[TASK INPUTS]:
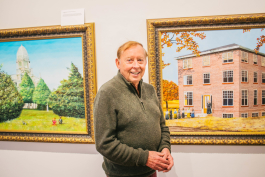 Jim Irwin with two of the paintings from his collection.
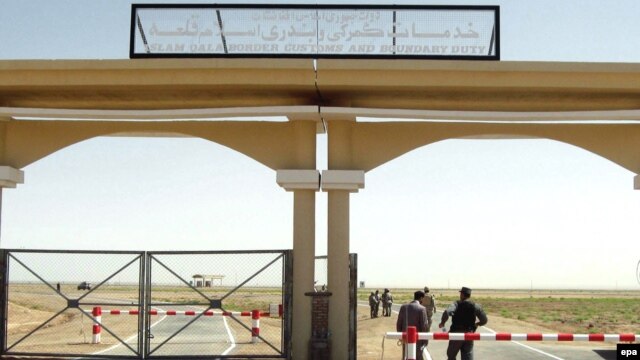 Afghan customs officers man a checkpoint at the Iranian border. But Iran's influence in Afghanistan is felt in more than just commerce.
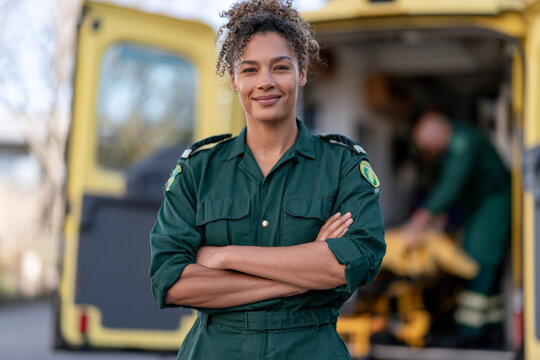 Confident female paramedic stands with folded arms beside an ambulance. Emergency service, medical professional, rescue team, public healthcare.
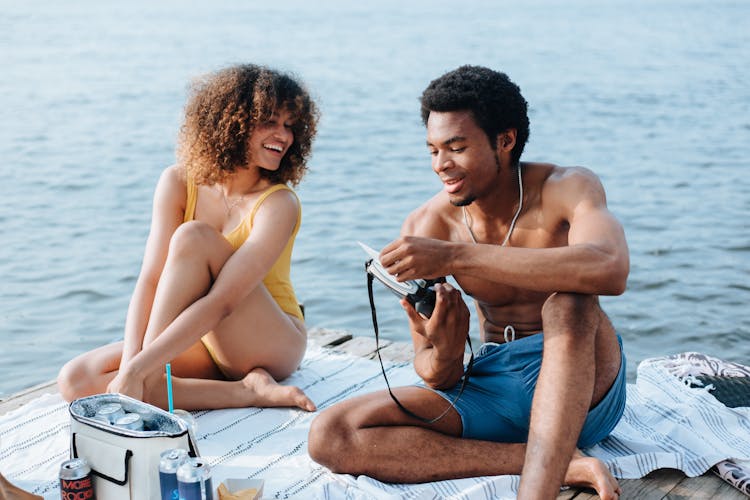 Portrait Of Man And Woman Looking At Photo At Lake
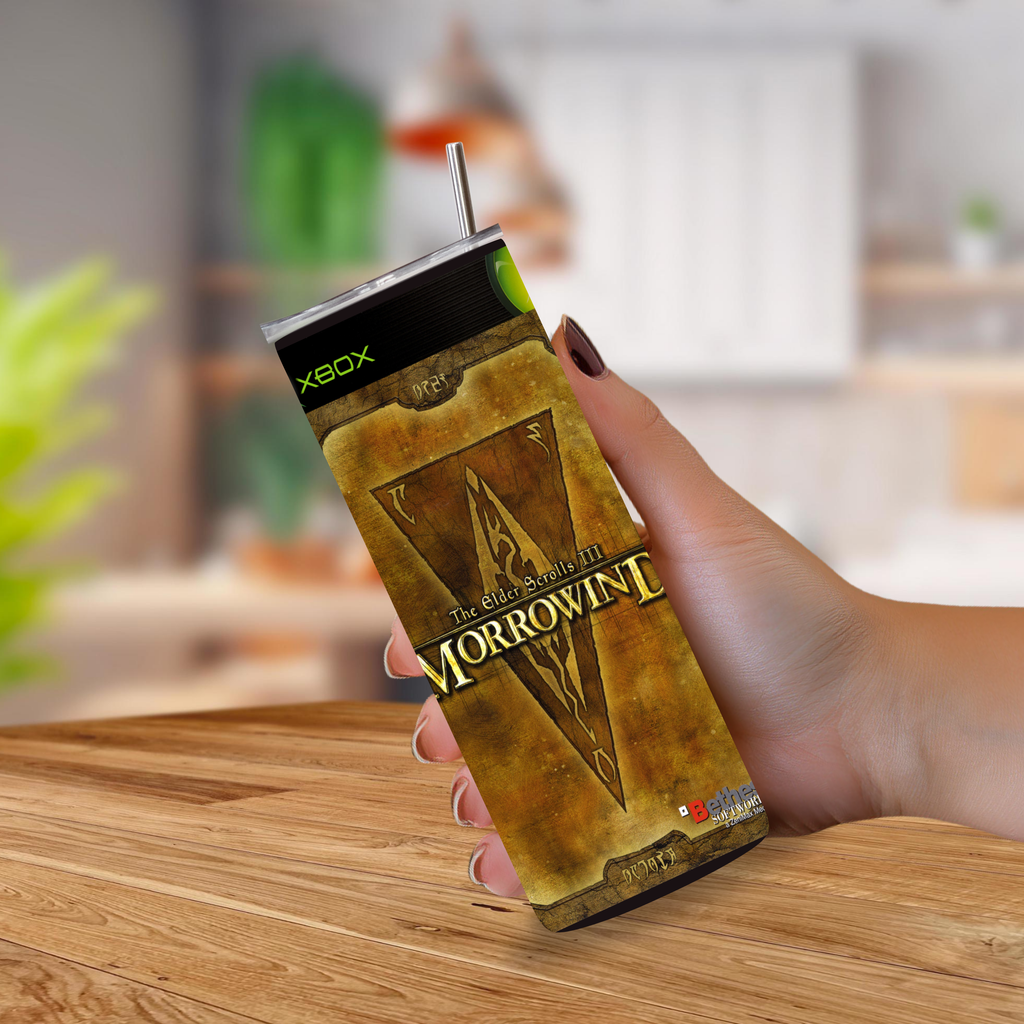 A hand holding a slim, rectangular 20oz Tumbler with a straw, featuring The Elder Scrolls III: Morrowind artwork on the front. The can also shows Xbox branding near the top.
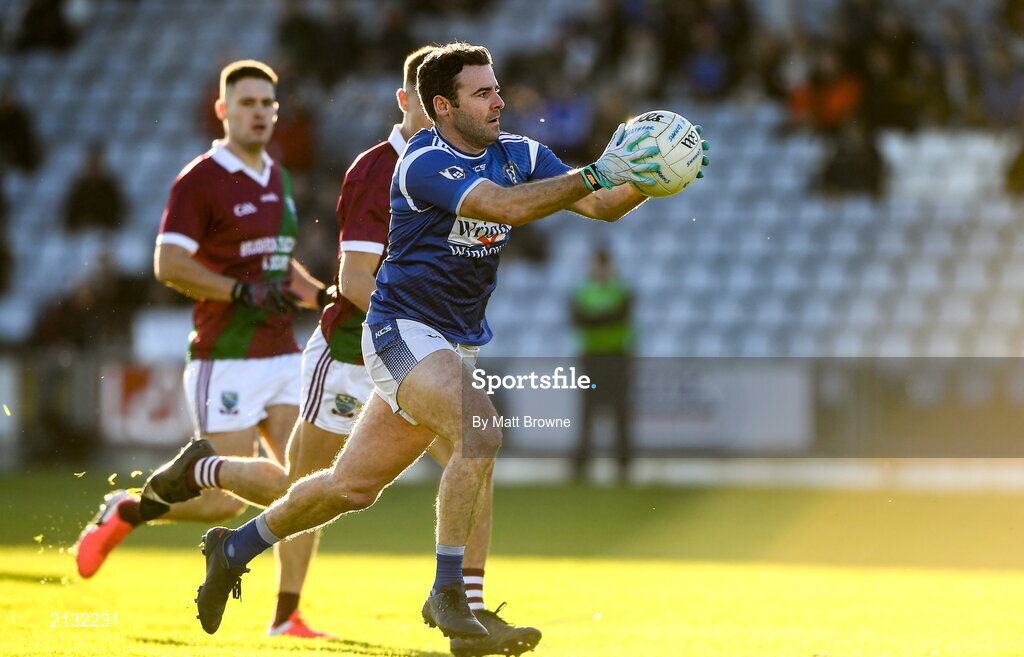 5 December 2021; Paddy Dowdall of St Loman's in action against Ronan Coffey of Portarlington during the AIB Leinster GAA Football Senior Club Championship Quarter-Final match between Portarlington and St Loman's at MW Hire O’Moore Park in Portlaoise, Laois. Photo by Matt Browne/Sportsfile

...

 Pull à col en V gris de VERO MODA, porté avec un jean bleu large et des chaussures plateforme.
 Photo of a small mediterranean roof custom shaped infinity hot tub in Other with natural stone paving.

...

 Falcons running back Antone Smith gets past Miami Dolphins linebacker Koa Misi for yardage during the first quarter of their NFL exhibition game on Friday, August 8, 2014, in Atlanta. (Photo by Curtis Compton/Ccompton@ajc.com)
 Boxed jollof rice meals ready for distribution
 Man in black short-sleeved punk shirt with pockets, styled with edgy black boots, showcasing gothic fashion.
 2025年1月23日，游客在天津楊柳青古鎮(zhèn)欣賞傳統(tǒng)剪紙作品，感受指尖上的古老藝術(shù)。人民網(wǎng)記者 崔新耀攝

[TO DO]:
Among the entries above, take the lines from the one with "Jim Irwin with" through the one with "Afghan customs officers" and retype them exactly, leaving out the pictures.

[RESPONSE]:
 Jim Irwin with two of the paintings from his collection.
 Afghan customs officers man a checkpoint at the Iranian border. But Iran's influence in Afghanistan is felt in more than just commerce.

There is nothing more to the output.